*PROBLEM*
Only one stretch of the data below is wanted: the lines from the one with "Pot à bonsaï" through the one with "Blokees Marvel The", repeated exactly.

*RAW DATA*
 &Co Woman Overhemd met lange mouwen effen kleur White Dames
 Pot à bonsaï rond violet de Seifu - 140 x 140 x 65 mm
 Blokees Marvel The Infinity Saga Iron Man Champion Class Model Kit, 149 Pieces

---

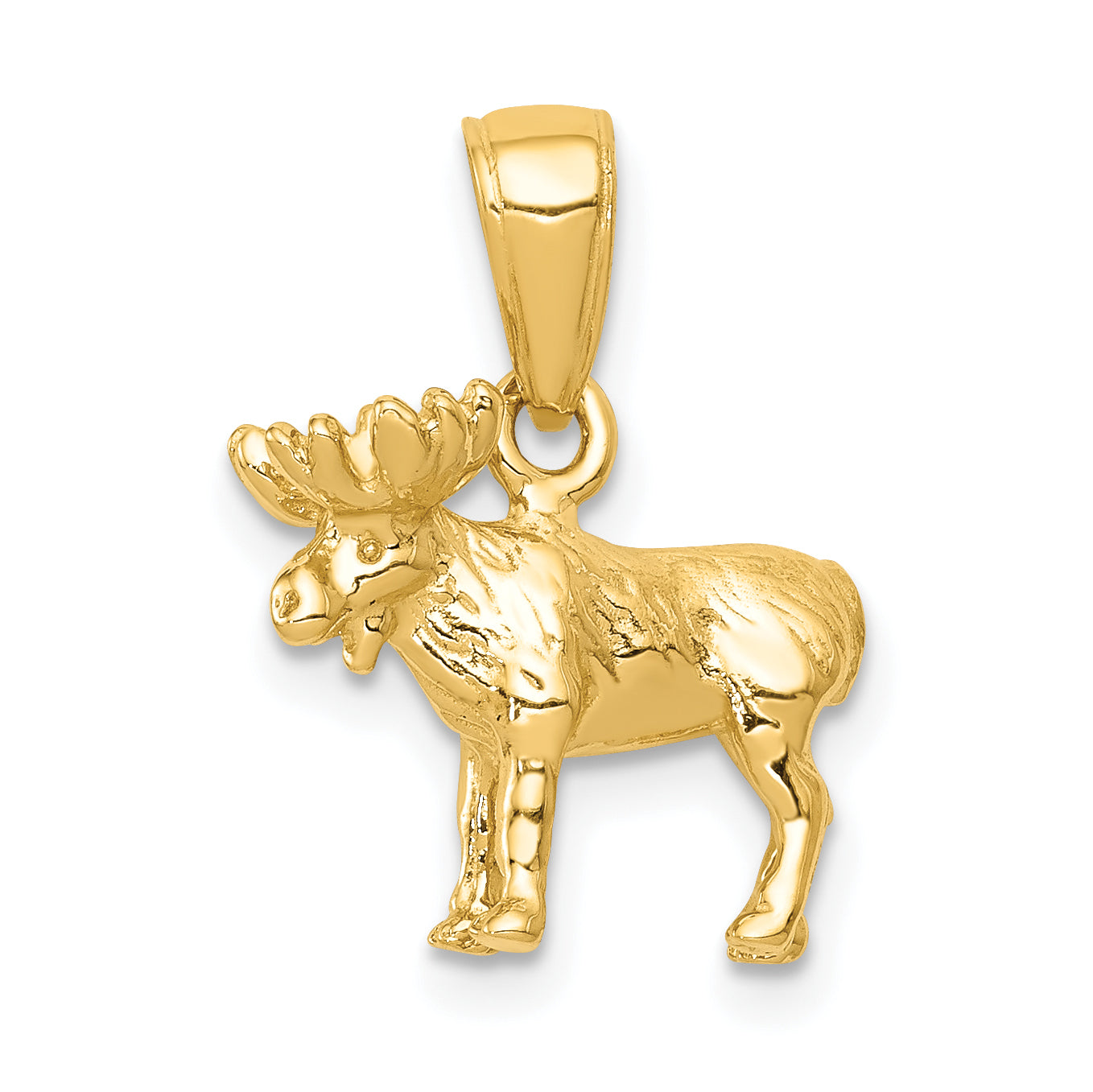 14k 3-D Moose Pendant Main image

*OUTPUT OF THE TASK*
 Pot à bonsaï rond violet de Seifu - 140 x 140 x 65 mm
 Blokees Marvel The Infinity Saga Iron Man Champion Class Model Kit, 149 Pieces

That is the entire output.